■ Data shown
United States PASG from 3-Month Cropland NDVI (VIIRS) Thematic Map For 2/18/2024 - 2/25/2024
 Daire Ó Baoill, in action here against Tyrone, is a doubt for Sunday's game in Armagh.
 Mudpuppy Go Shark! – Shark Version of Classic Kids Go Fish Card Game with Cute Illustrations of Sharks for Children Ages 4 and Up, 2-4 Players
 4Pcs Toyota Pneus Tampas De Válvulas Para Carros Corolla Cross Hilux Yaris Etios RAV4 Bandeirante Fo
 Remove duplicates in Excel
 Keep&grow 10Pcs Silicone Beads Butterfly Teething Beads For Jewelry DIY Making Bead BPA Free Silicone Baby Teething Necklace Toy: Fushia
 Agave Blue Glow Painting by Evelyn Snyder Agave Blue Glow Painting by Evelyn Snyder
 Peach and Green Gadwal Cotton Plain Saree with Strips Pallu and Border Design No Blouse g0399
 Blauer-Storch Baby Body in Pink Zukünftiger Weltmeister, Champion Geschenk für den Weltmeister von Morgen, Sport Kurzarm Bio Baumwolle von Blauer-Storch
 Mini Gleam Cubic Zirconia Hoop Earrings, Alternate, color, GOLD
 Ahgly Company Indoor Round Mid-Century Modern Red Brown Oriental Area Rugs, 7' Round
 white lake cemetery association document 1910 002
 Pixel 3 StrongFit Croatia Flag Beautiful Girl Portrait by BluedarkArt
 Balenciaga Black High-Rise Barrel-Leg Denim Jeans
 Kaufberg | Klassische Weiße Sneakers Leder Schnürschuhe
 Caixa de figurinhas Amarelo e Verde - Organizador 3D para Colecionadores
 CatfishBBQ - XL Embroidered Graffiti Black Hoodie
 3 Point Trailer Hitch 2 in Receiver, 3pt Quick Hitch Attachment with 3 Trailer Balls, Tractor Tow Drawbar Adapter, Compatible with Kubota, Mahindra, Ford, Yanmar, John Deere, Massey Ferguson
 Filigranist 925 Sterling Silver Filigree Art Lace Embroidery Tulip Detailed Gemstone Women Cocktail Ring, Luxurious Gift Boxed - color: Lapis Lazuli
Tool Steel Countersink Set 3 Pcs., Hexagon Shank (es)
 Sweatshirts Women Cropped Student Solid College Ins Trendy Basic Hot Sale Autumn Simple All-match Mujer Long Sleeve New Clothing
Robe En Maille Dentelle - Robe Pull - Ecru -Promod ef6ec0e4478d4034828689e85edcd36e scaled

■ Activity
A single number is required: how many lines in the material hold the word "color".

■ Answer space
2